As reported in the October issue of American Shipper, Canadian ports of Montreal, Halifax, Saint John, New Brunswick as well as Melford and Sydney, Nova Scotia are working rapidly to expand their facilities.

The American Shipper also contains an extensive article on improvements made by the Port of Virginia. Improvements are underway to give the port the ability to handle 10,000 to 14,000 TEU vessels. Officials plan to make and estimated $2 billion investment in the port over the next ten years. The investment includes $31 million investment to increase the number of truck gates, half funded by the U.S. Department of Transportation. Also, the Army Corps of Engineers is working to deepen the channel from 50 to 55 feet. Significantly, the Virginia legislature recognizes the importance of the port expansion to the Virginia economy. The legislature has approved issuing a $350 million project to help pay for the improvements. The Port Authority is also looking to modernize an existing marine terminal inland on the James River near Richmond. Richmond has available warehouses, is served by two railroads, and is on the I-95 corridor which will make delivery of cargo faster and reduce traffic on I-64.1

The Need for Government Cooperation
The above highlights the need for government to understand the importance of international trade. How many Americans will be employed in making these improvements? Clearly the Virginia legislature recognizes what the improvement of the Virginia ports can mean to the Virginia economy.

We've just had an election. Both parties claimed they would not support the Trans-Pacific Partnership (TPP). The President-elect wants to renegotiate NAFTA. Recent political rhetoric has been that international trade costs American jobs. But think about your supply chain. How many of your companies employ ex-patriots overseas in product development and quality control? How many Americans work for your freight forwarders and steam ship companies? How many Americans work for your customs brokers and Customs and Border Protection? How many Americans work for the railroads and trucking companies that deliver imported goods to your distribution centers? Finally, how many people work in your retail outlets? Many Americans have jobs today because of international trade. Make sure your elected representatives know that. Now is the time to write and call your legislators and let them know the positive effects of international trade.

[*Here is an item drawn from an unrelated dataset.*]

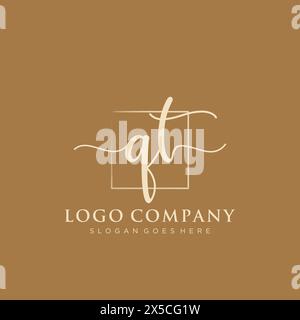 QT Initial handwriting logo with rectangle Stock Vector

Mark Kopp is currently the Senior Manager for Import Compliance for Yusen Logistics (Americas) Inc. Mark has over 30 years experience in all aspects of supply chain management and compliance - from product development and buying, cargo management and shipping, customs brokerage, to warehousing, distribution and retail sales. He has managed/directed imports for Kinney Shoe Corporation, Woolworth Corporation, Russ Berrie & Co. and DHL. He has also served on the Footwear Distributors & Retailers of America government customs council, been a member of the Board of Directors for the Toy Shippers Association, and been an instructor at The World Trade Institute in New York. Currently, he is a member of the NY/NJ Freight Forwarders & Brokers Association and serves on the American Apparel & Footwear Association Government Relations Committee. Mark graduated from Franklin & Marshall College in Lancaster, PA with a B.A. in Political Science.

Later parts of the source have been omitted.